* AIM OF THE TASK
Pictures appear among the records. Write out all else exactly as it stands.

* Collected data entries

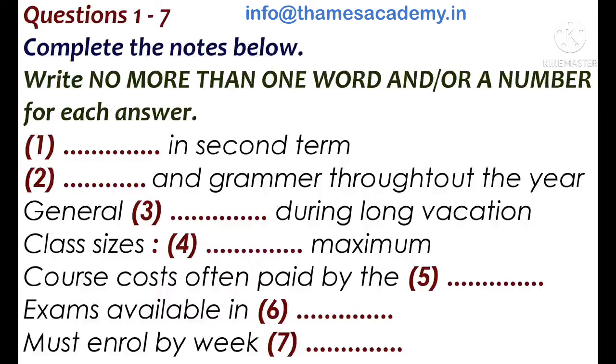You now have 15 seconds to read questions 8 to 10.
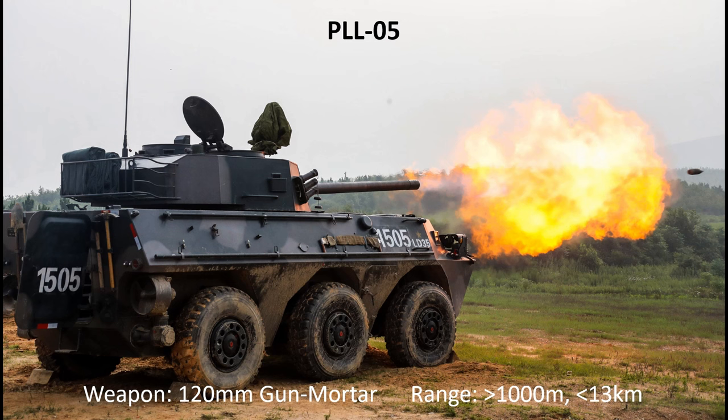Supporting the manoeuvre companies is the battalion's organic artillery, provided by PLL-05 gun mortars. The PLL-05 can provide direct-fire support beyond 1,000 metres, or indirect-fire support up to almost 13 kilometres. While not designed to take on enemy tanks, direct fire is very effective against dug-in positions and fortifications, while indirect fire is utilised for counter-battery missions and battlefield preparation.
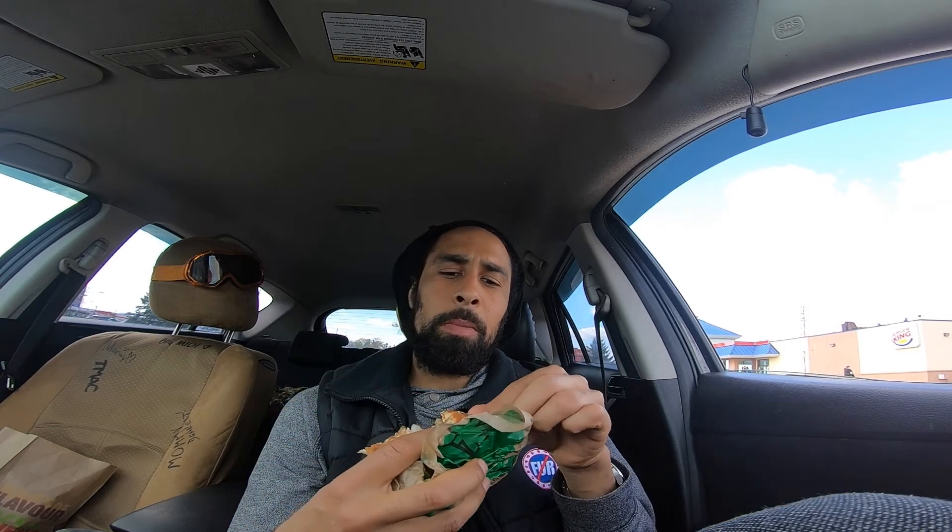Another thing I never checked — what the bun is made out of here. I don't know what kind of buns they're using at these places, but most bread these days is vegan though.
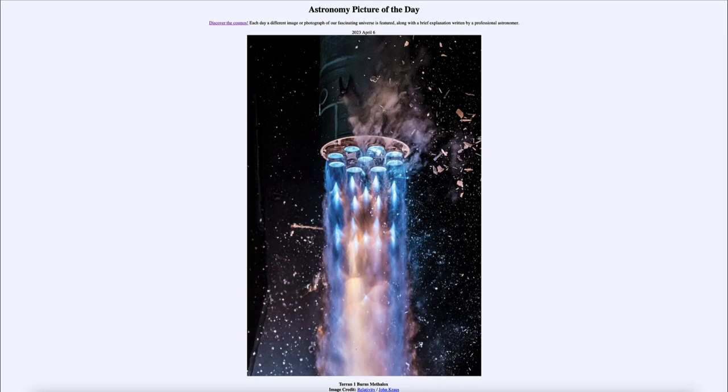It burns a very interesting fuel made of a mixture of liquid methane and liquid oxygen, called Methylox. Here we're seeing the launch with the engines putting out this material as it burns — this was the launch from March 22nd, and you can see a lot of the material flowing around as it launches up into space.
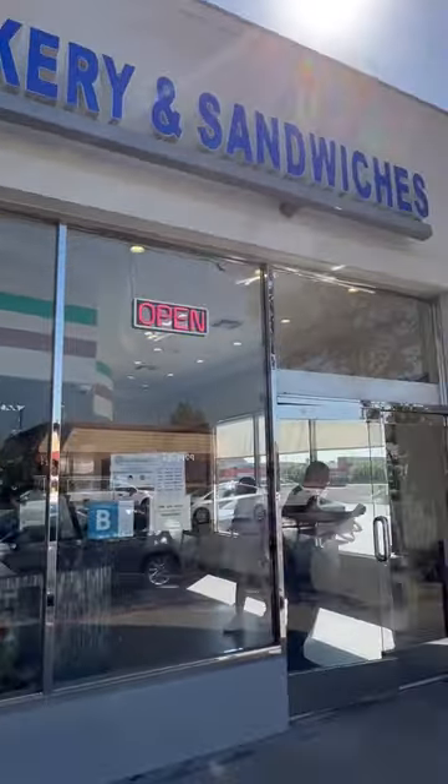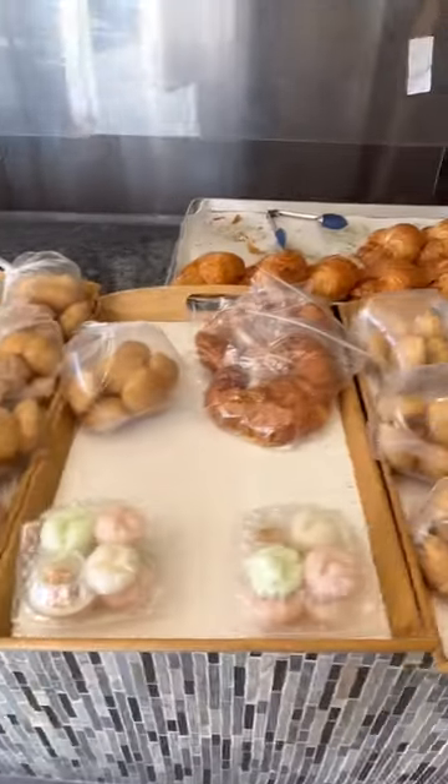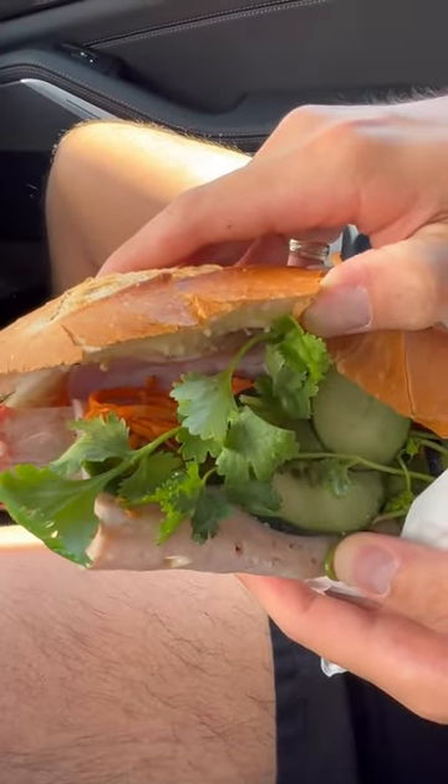If you're in the 626, you gotta try out Saigon's Bakery and Sandwiches. They have tons of things including a selection of drinks, che, and other pastries and food. I decided to get the che, pandan leaf cake, and of course their long bread banh mi.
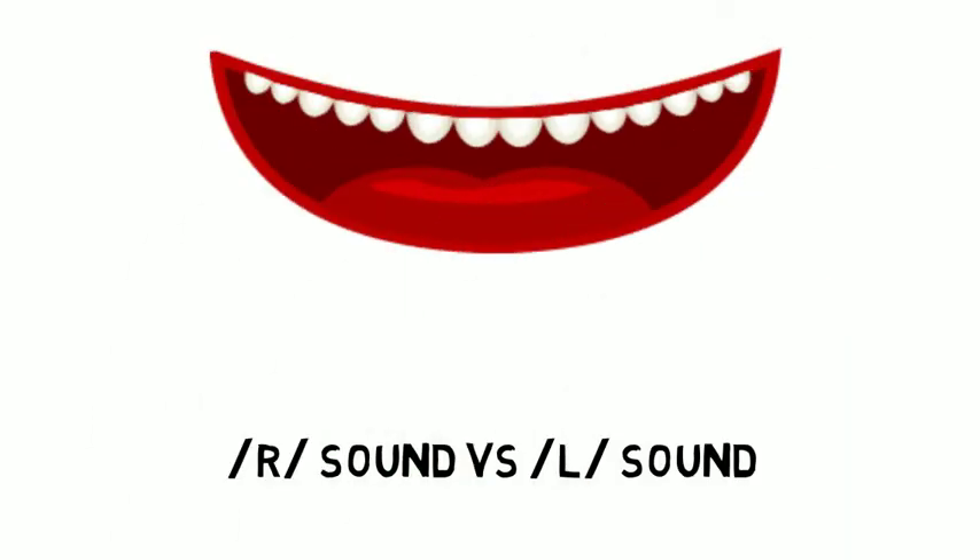Thai speakers tend to use L instead of R. What you need is to really think about your mouth. Take a word like 'red' — you've got to make sure your tongue does not touch your teeth. Red, red.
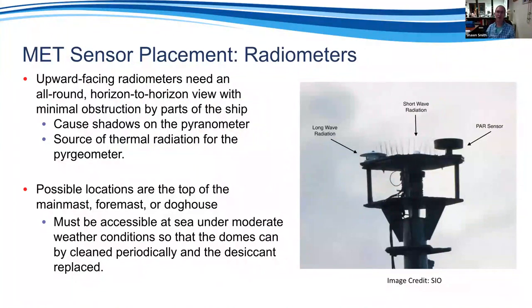For radiometers, you want a clean, unobstructed view of the sky — this Scripps ship example shows them on top of the bow mast, a great location. The trade-off: you have to lower the mast to maintain them. An alternative like mounting on the winch doghouse at the stern is accessible, but if you're aft of the stack you'll need to clean them frequently — at least once a week. It's always a trade-off between a good sky view and accessibility.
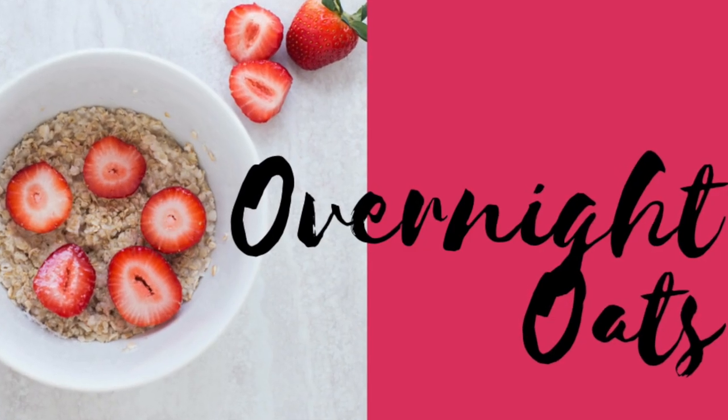Another breakfast idea is overnight oats. I know this was all the rage for a while and you saw tons of pictures on Pinterest of cute little mason jars of overnight oats. But the truth is they really are a great option for busy moms. You have to be a little bit of a planner to make this work because you do have to make them the night before — hence the name overnight oats. But if you are a planner, it's something you can make after the kids are sleeping and just eat quickly in the morning.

* EXERCISE OUTPUT
You now have 15 seconds to read questions 8 to 10.
Supporting the manoeuvre companies is the battalion's organic artillery, provided by PLL-05 gun mortars. The PLL-05 can provide direct-fire support beyond 1,000 metres, or indirect-fire support up to almost 13 kilometres. While not designed to take on enemy tanks, direct fire is very effective against dug-in positions and fortifications, while indirect fire is utilised for counter-battery missions and battlefield preparation.
Another thing I never checked — what the bun is made out of here. I don't know what kind of buns they're using at these places, but most bread these days is vegan though.
It burns a very interesting fuel made of a mixture of liquid methane and liquid oxygen, called Methylox. Here we're seeing the launch with the engines putting out this material as it burns — this was the launch from March 22nd, and you can see a lot of the material flowing around as it launches up into space.
If you're in the 626, you gotta try out Saigon's Bakery and Sandwiches. They have tons of things including a selection of drinks, che, and other pastries and food. I decided to get the che, pandan leaf cake, and of course their long bread banh mi.
Thai speakers tend to use L instead of R. What you need is to really think about your mouth. Take a word like 'red' — you've got to make sure your tongue does not touch your teeth. Red, red.
For radiometers, you want a clean, unobstructed view of the sky — this Scripps ship example shows them on top of the bow mast, a great location. The trade-off: you have to lower the mast to maintain them. An alternative like mounting on the winch doghouse at the stern is accessible, but if you're aft of the stack you'll need to clean them frequently — at least once a week. It's always a trade-off between a good sky view and accessibility.
Another breakfast idea is overnight oats. I know this was all the rage for a while and you saw tons of pictures on Pinterest of cute little mason jars of overnight oats. But the truth is they really are a great option for busy moms. You have to be a little bit of a planner to make this work because you do have to make them the night before — hence the name overnight oats. But if you are a planner, it's something you can make after the kids are sleeping and just eat quickly in the morning.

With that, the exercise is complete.